F U L L   T E X T   S O U R C E :    PNAS





Human and animal longevity is directly bound to their health span. While previous studies have provided evidence supporting this connection, therapeutic implementation of this knowledge has been limited. Traditionally, diseases are researched and treated individually, which ignores the interconnectedness of age-related conditions, necessitates multiple treatments with unrelated substances, and increases the accumulative risk of side effects. In this study, we address and overcome this deadlock by creating adeno-associated virus (AAV)-based antiaging gene therapies for simultaneous treatment of several age-related diseases. We demonstrate the modular and extensible nature of combination gene therapy by testing therapeutic AAV cocktails that confront multiple diseases in a single treatment. We observed that 1 treatment comprising 2 AAV gene therapies was efficacious against all 4 diseases.

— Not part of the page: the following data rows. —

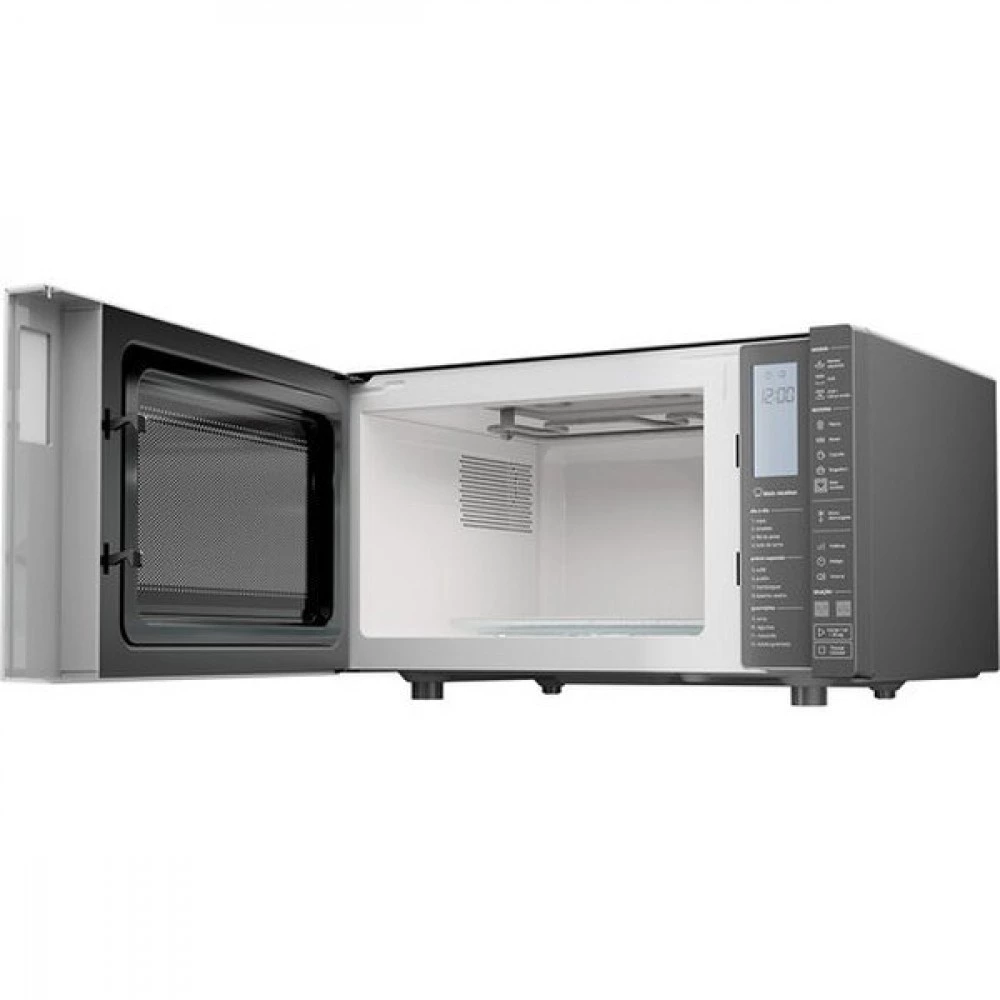 Micro Ondas Grill 32 Litros 900W Brastemp BMG45AR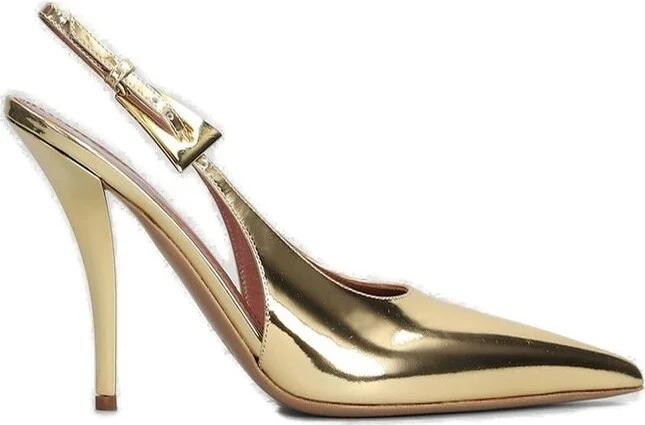 Paris Texas Jessica Slingbacks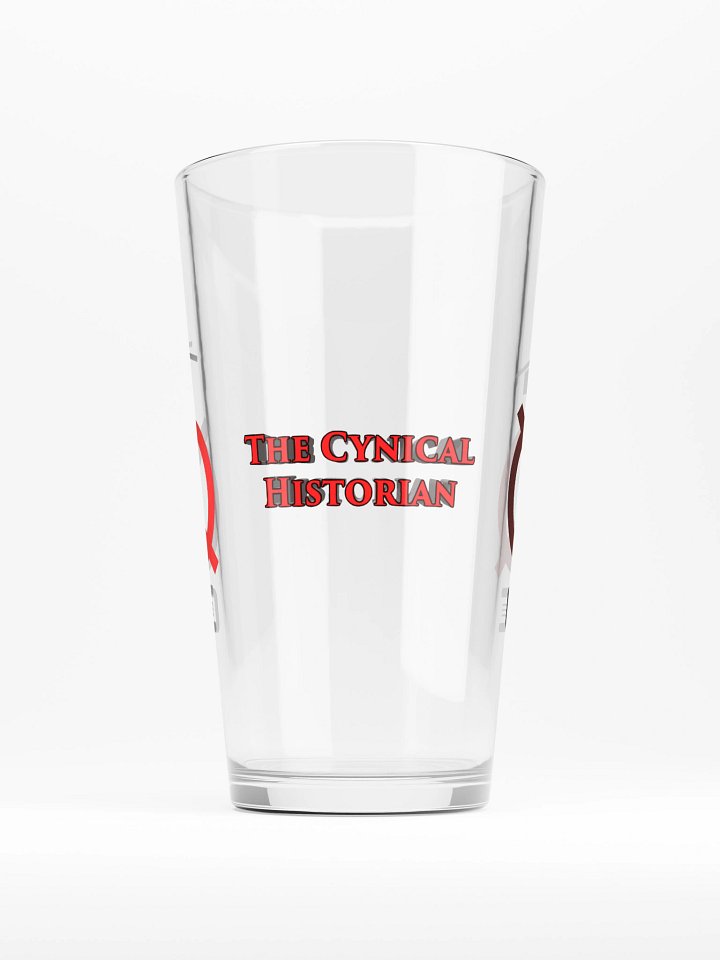Symbol pint-glass product image (1)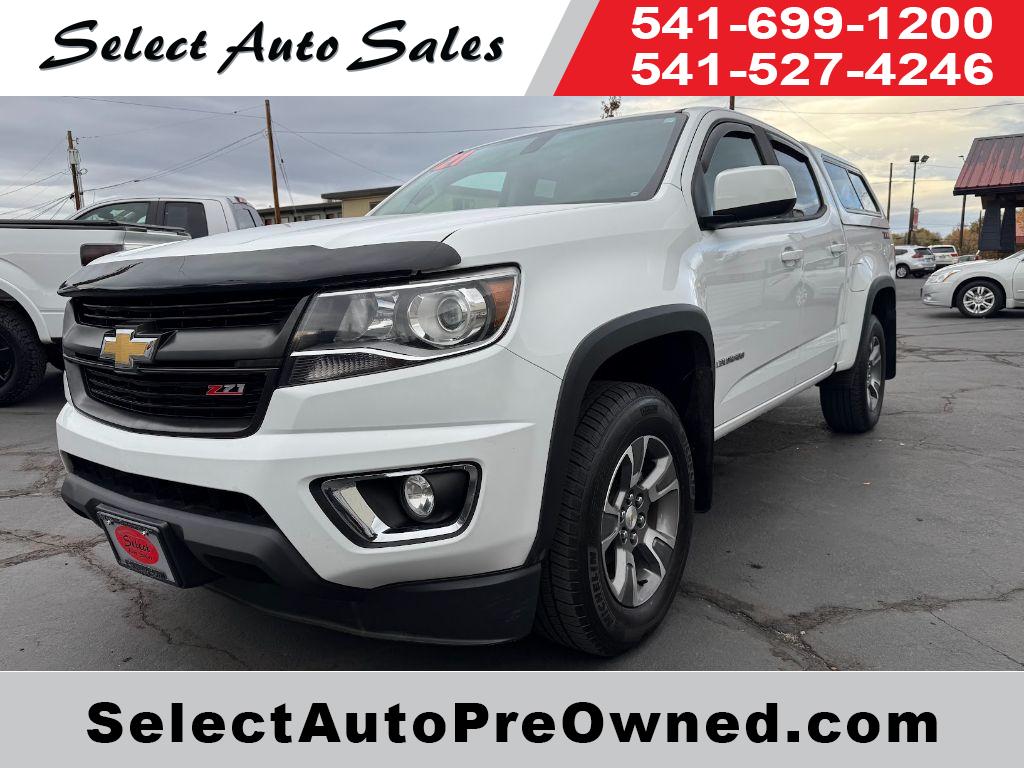 2015 Chevrolet Colorado Z71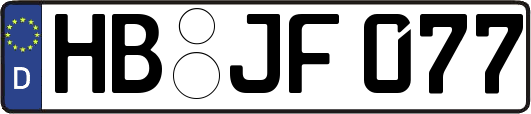 HB-JF077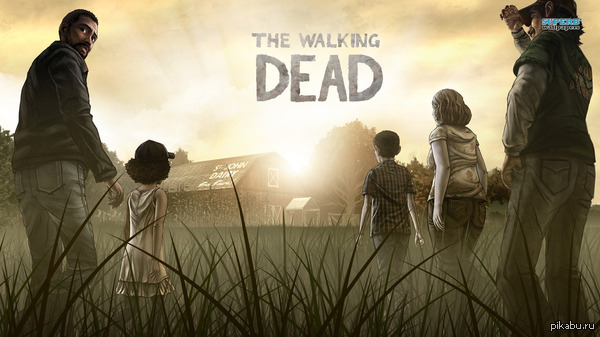      Walking Dead(   ).   ,   .  .   ,    .     . !!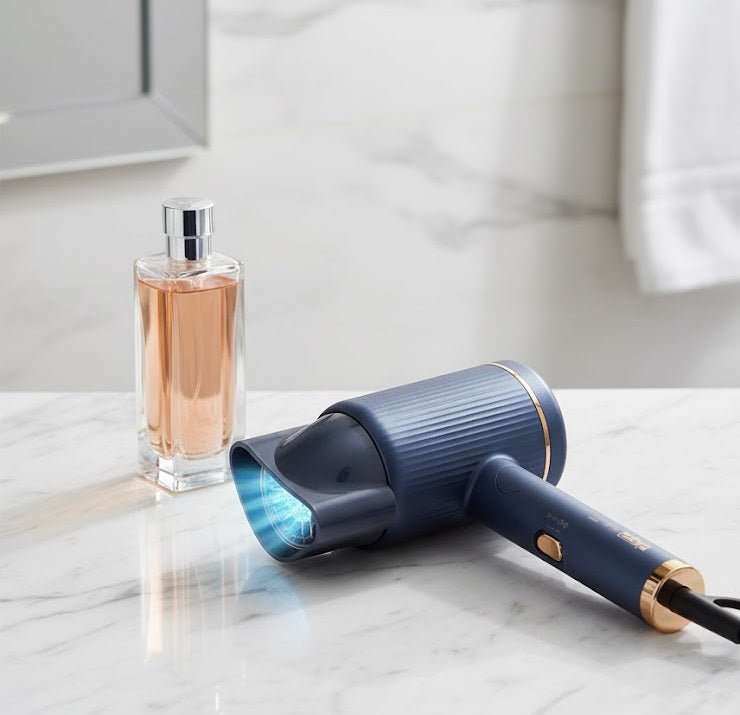 Portable Foldable Hair Dryer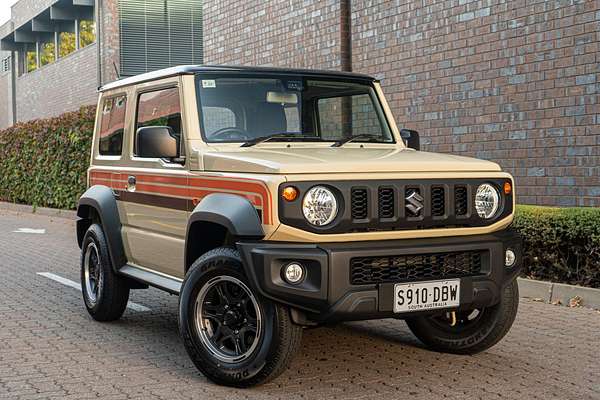 2024 Suzuki Jimny GLX GJ
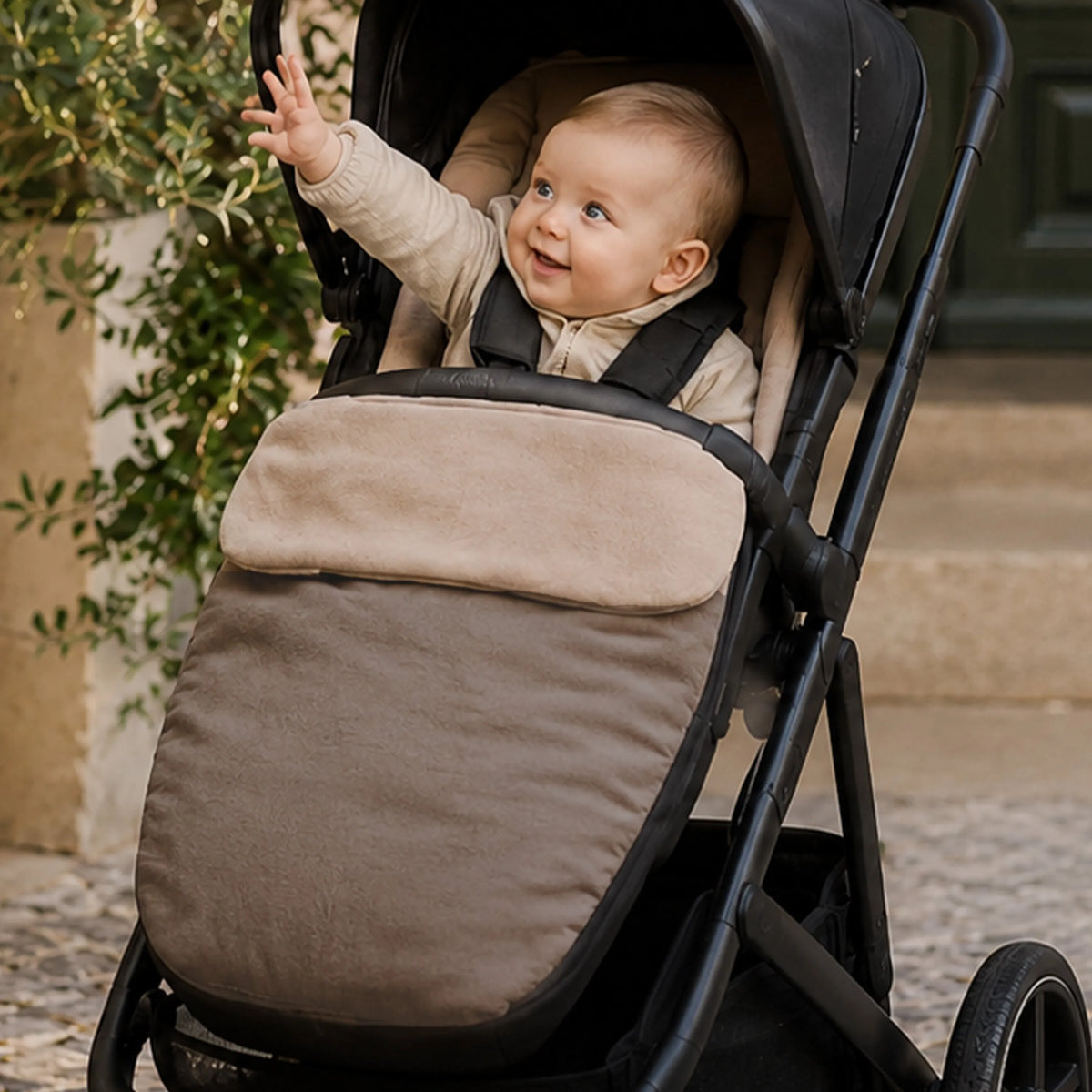 Hazel Universal Footmuff (Evy/Noa/Bolt)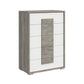 San Matteo - Bedroom Set With LED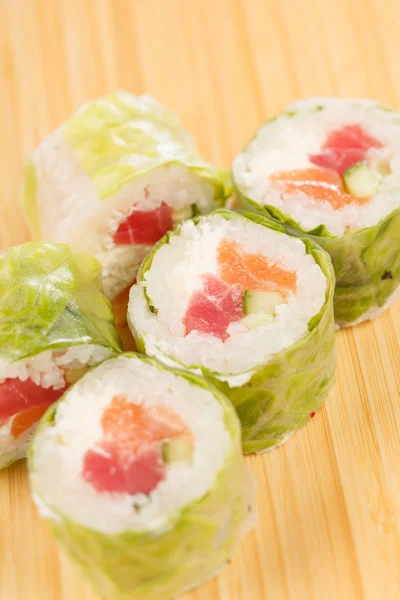 Sushi saporito — Foto Stock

Comorbidity is common as age increases, and currently prescribed treatments often ignore the interconnectedness of the involved age-related diseases. The presence of any one such disease usually increases the risk of having others, and new approaches will be more effective at increasing an individual’s health span by taking this systems-level view into account. In this study, we developed gene therapies based on 3 longevity associated genes (fibroblast growth factor 21 [FGF21], αKlotho, soluble form of mouse transforming growth factor-β receptor 2 [sTGFβR2]) delivered using adeno-associated viruses and explored their ability to mitigate 4 age-related diseases: obesity, type II diabetes, heart failure, and renal failure. Individually and combinatorially, we applied these therapies to disease-specific mouse models and found that this set of diverse pathologies could be effectively treated and in some cases, even reversed with a single dose. We observed a 58% increase in heart function in ascending aortic constriction ensuing heart failure, a 38% reduction in α-smooth muscle actin (αSMA) expression, and a 75% reduction in renal medullary atrophy in mice subjected to unilateral ureteral obstruction and a complete reversal of obesity and diabetes phenotypes in mice fed a constant high-fat diet. Crucially, we discovered that a single formulation combining 2 separate therapies into 1 was able to treat all 4 diseases. These results emphasize the promise of gene therapy for treating diverse age-related ailments and demonstrate the potential of combination gene therapy that may improve health span and longevity by addressing multiple diseases at once.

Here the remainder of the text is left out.